Fiasco in the Levant
Unless the United States gets serious now about its postwar planning, Syria could spin out of control.
As bad as things are in Syria, they could get much worse once Bashar al-Assad’s regime falls, as it eventually must. Like Iraq, Syria is a country divided by religion and ethnicity, held together by a brutal regime drawn from a minority element of the population. And as in Iraq, that minority has profited handsomely at the expense of the majority, meaning that it will not cede power easily and that when it finally does, at least some elements of the majority will see it as time for payback. In other words, Syria after Assad could very well be al Qaeda’s dream come true.

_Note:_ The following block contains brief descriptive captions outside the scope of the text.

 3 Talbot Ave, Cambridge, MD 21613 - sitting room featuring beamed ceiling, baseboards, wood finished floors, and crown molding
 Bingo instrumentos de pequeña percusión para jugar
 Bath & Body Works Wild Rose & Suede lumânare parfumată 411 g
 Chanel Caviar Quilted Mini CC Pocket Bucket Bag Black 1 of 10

Already, al Qaeda is positioning itself to engage in sectarian violence. As my Rand Corp. colleague Seth Jones has pointed out, al Qaeda makes up a small part of the resistance movement, but its strength appears to be rising. Since December, it has conducted roughly two dozen attacks, primarily against Syrian security service targets.

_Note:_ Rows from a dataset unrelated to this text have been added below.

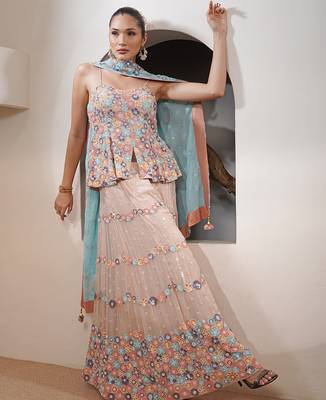 light fawn silk georgette sharara set 2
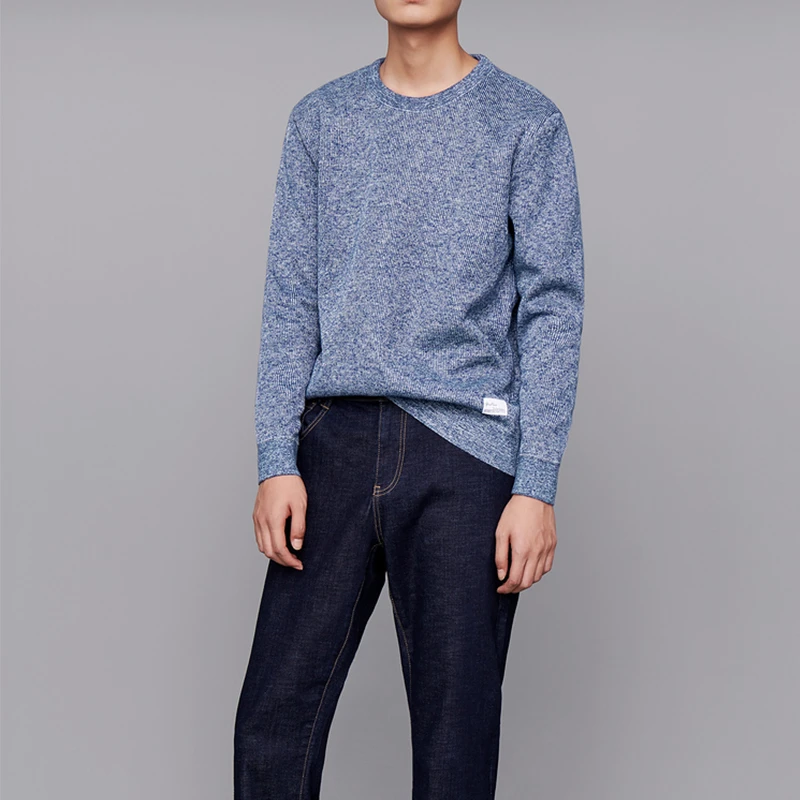 撤柜男装蓝灰色圆领加绒加厚针织衫冬季通勤百搭纯色长袖保暖卫衣
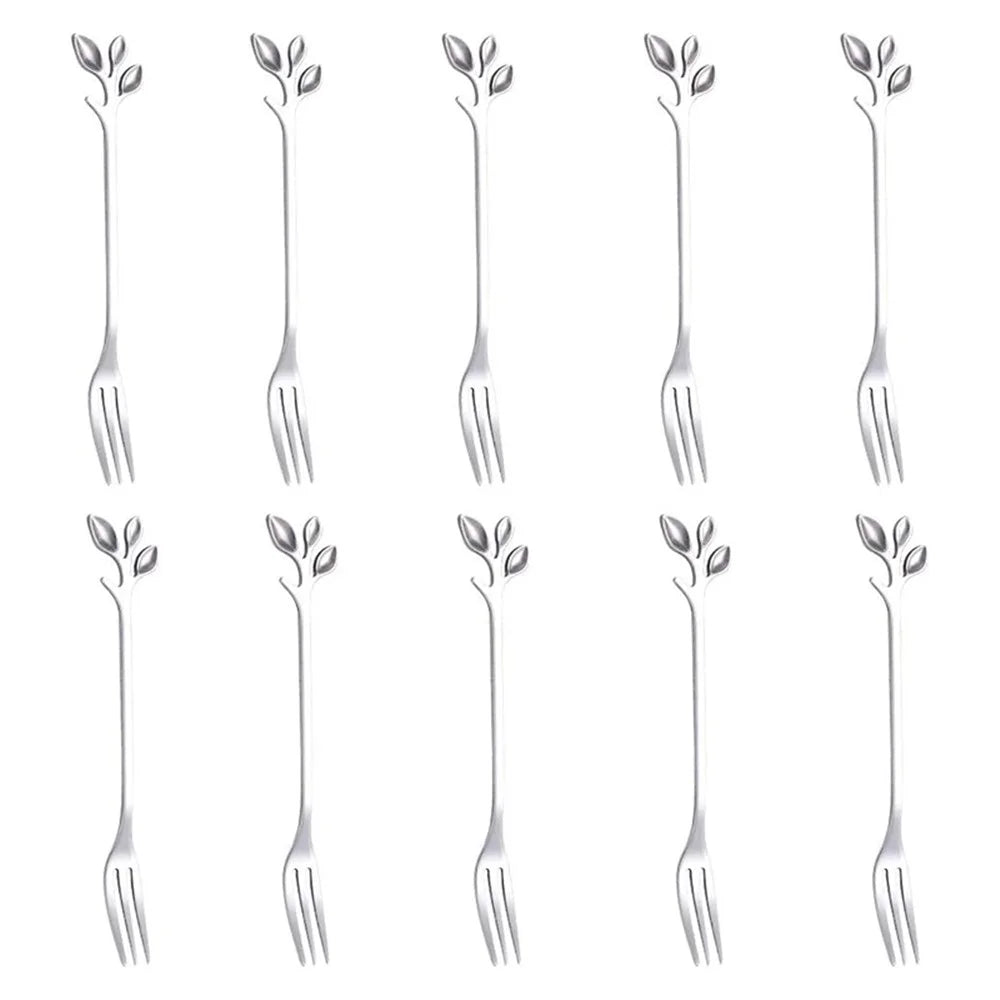 10Pcs 12cm Leaf Design Stainless Steel Fruit Dessert Spoon / Fork, Silver (BPA Free, No FDA) - Fork - 1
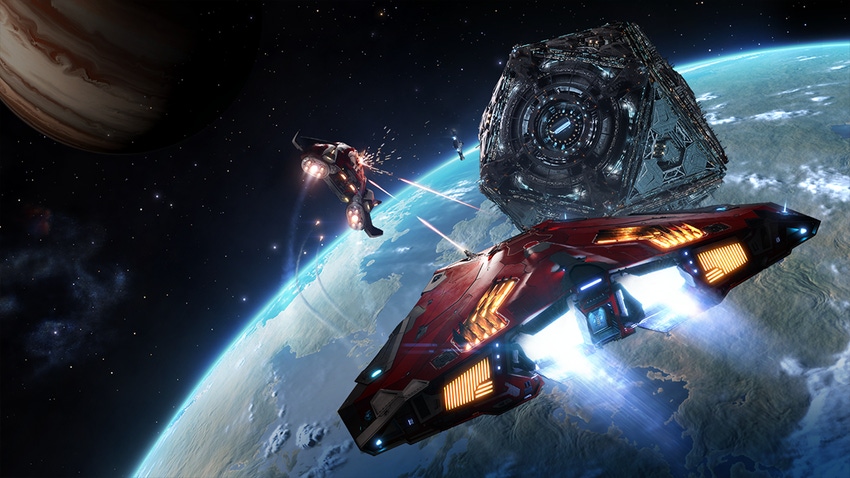 A screenshot from Elite Dangerous showing a ship flying towards a planet
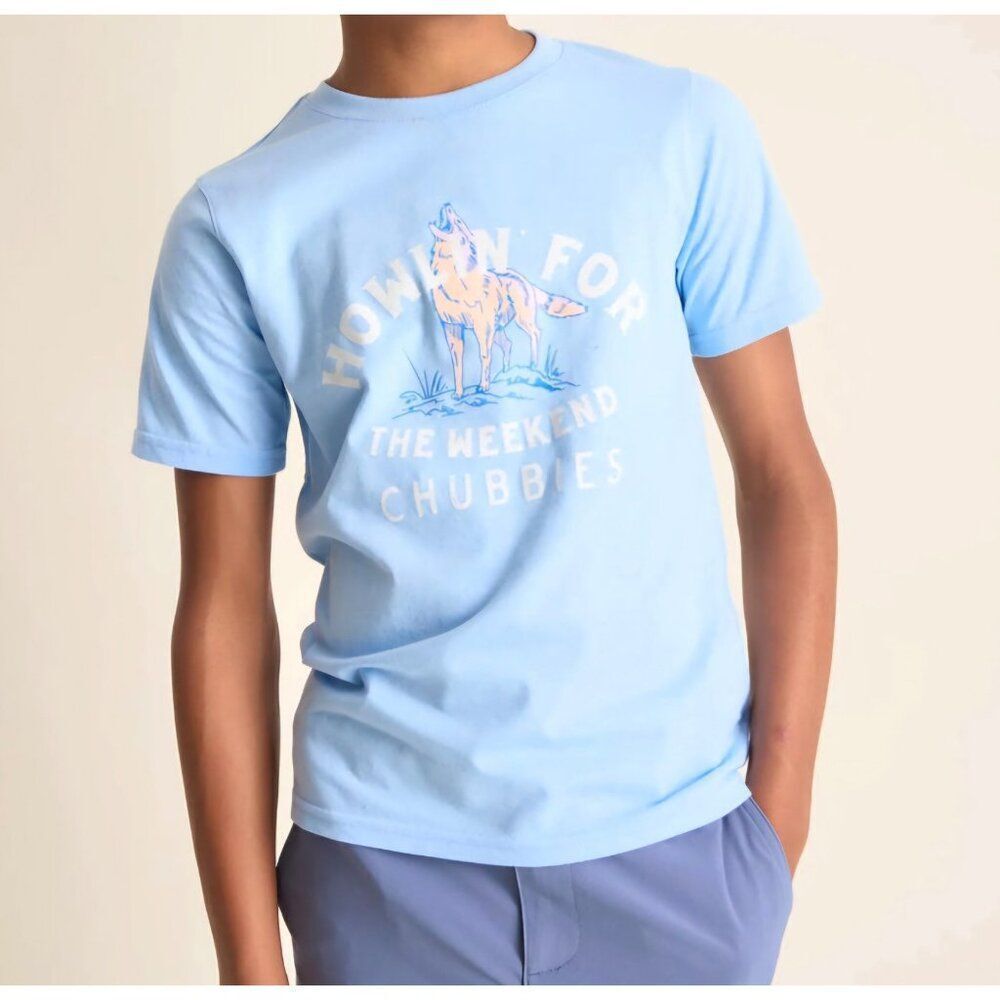 NEW CHUBBIES - XS -‎ Boys Soft Blue The Howlin' For The Weekend Pullover T-Shirt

More ominously, al Qaeda may be poised to make inroads with more moderate fighters who are cash-strapped and desperate for military backing. Over the weekend, NBC’s Richard Engel reported from Aleppo that one rebel brigade doesn’t "have enough weapons to fight and they’re dying." Al Qaeda, he said, has offered weapons and money, which the rebels are seriously considering. "They’d rather have support from the United States, the U.N., or Europe, but it hasn’t come."
The State Department, through the U.S. Institute of Peace, is assisting Syrian émigrés and more recent refugees to plan for postwar reconstruction. This is certainly a useful exercise. Yet planning divorced from resources and power, as these efforts necessarily are, will likely have only a limited impact. What is more important for the U.S. government to do at this stage than drafting plans is forging relationships with those likely to next govern Syria. These relationships should be developed at multiple levels: diplomatic, covert, military, economic, and political.

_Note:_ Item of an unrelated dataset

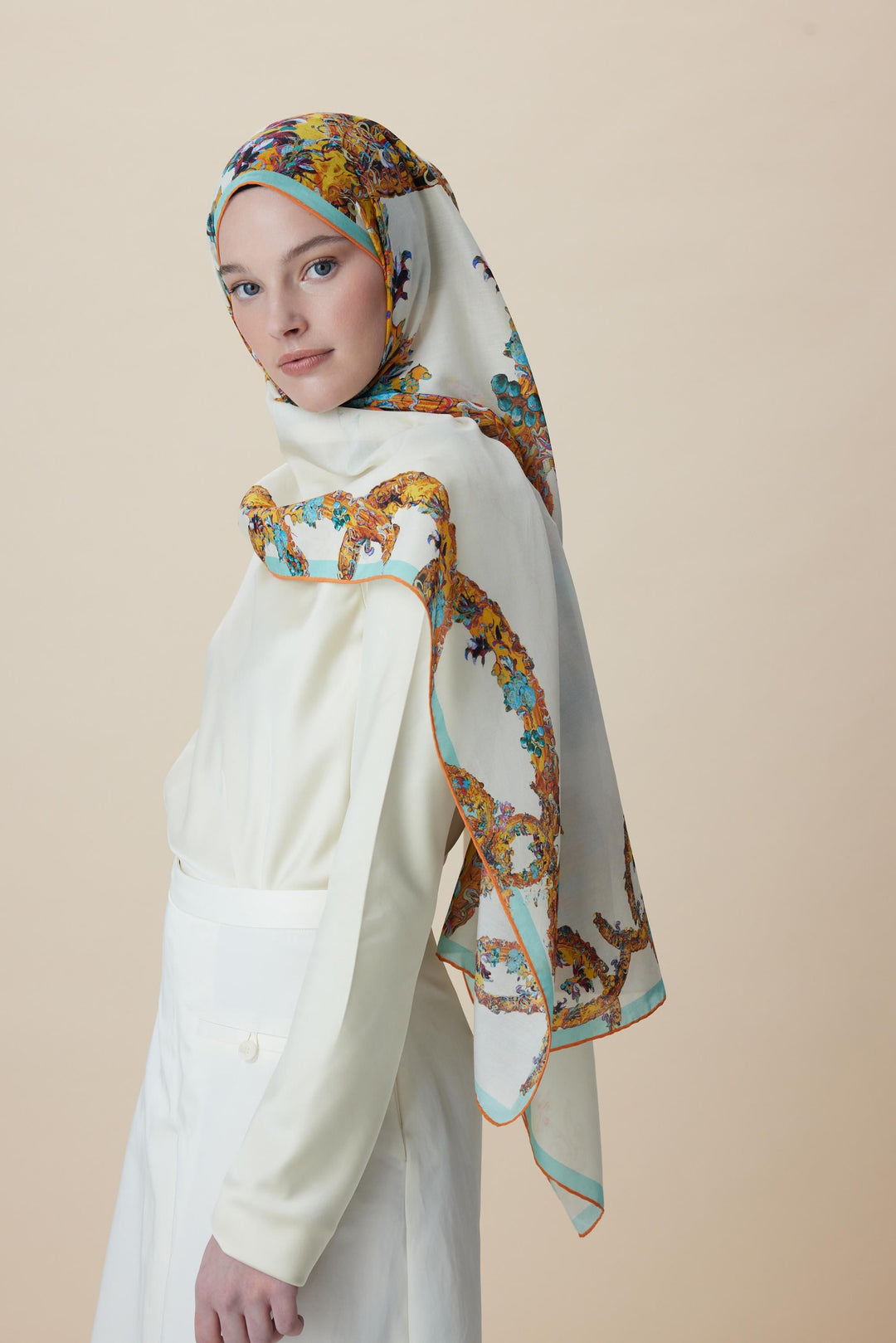 ŞEBNEM FLOŞ VİSKON ŞAL 70*190 CM - SARI - Görsel 3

To avoid Iraq-like sectarian violence in Syria, it will be important to work during the civil war to unify the opposition, marginalize al Qaeda and other extremist elements already increasingly active there, stimulate defections from the regime — particularly from its Alawite core — and encourage the inclusion of Alawites within the opposition leadership. I expect that Barack Obama’s administration is already advising the Syrian opposition along these lines.
But the United States’ ability to shape future events in Syria will only be as great as the support it gives the rebels in their fight to topple Assad. Decisive assistance right now will do more to forge a relationship with the eventual rulers of Syria than mere promises of postwar aid. The new Syrian leadership will be formed in the crucible of war, and in all likelihood it will prove resistant to postwar overtures by governments that did not support it from the outset. It would, for instance, be a great mistake to allow rebel leaders to conclude that al Qaeda did more to help their cause than the United States.
Having helped organize multinational military operations in Somalia, Haiti, Bosnia, Kosovo, and Afghanistan, I would be the last to understate the complexities, dangers, and costs associated with any greater American involvement in Syria’s civil war. For this reason, I do not believe the United States should become the chief standard-bearer for an external military intervention. I do believe, however, that the United States should up its assistance to the rebels to include lethal equipment and training. It should also remain open to even greater involvement if the Syrian opposition requests it and other regional powers call for and are prepared to participate in any such effort, much as it did in Libya when those conditions were met.